┌────────

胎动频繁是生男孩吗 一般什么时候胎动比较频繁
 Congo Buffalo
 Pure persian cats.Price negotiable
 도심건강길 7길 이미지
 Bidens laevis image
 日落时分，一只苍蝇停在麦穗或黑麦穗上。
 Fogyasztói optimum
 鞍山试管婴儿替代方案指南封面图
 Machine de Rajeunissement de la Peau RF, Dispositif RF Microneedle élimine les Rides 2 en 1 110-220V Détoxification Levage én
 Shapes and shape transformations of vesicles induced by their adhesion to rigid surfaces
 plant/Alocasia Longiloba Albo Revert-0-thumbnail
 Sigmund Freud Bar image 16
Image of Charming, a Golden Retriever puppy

└────────

> **YOUR GOAL**
In the listing above, the line with "Machine de Rajeunissement" starts the part to copy. Copy it through the last line exactly, with nothing else.

> **WRITTEN SOLUTION**
 Machine de Rajeunissement de la Peau RF, Dispositif RF Microneedle élimine les Rides 2 en 1 110-220V Détoxification Levage én
 Shapes and shape transformations of vesicles induced by their adhesion to rigid surfaces
 plant/Alocasia Longiloba Albo Revert-0-thumbnail
 Sigmund Freud Bar image 16
Image of Charming, a Golden Retriever puppy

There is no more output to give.